Goal of the exercise: Copy exactly the lines of the data below, beginning with the line with "a bar with a counter and chairs" and ending with the line with "Two Afro sisters". Pictures are to be omitted.

── Input records ──

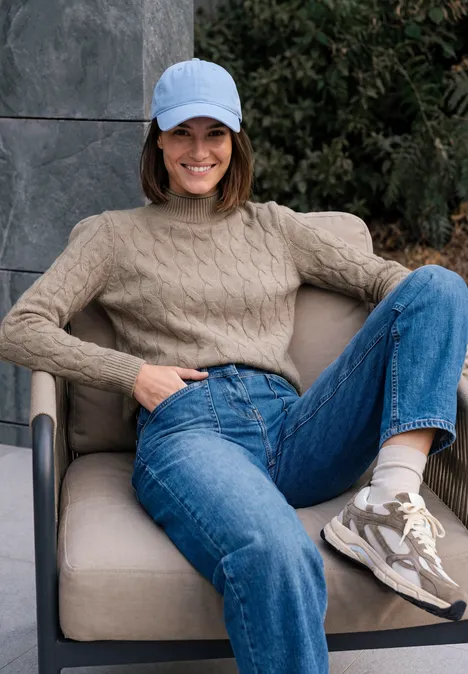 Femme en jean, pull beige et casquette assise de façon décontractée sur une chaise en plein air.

───
── Input records ──

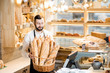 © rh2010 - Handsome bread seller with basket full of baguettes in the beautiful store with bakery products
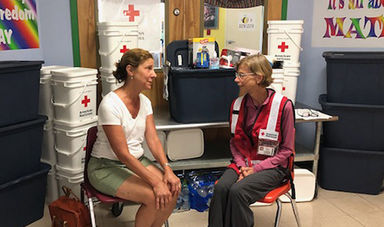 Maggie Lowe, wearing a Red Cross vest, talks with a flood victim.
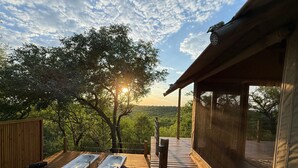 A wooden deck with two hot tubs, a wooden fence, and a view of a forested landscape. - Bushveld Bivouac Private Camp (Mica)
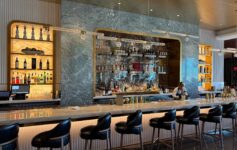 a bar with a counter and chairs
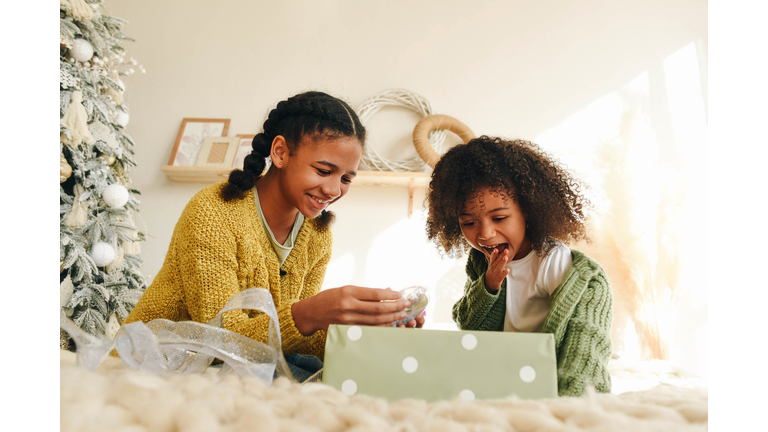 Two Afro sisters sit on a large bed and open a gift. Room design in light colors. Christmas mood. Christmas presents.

───

Solution below:
 a bar with a counter and chairs
 Two Afro sisters sit on a large bed and open a gift. Room design in light colors. Christmas mood. Christmas presents.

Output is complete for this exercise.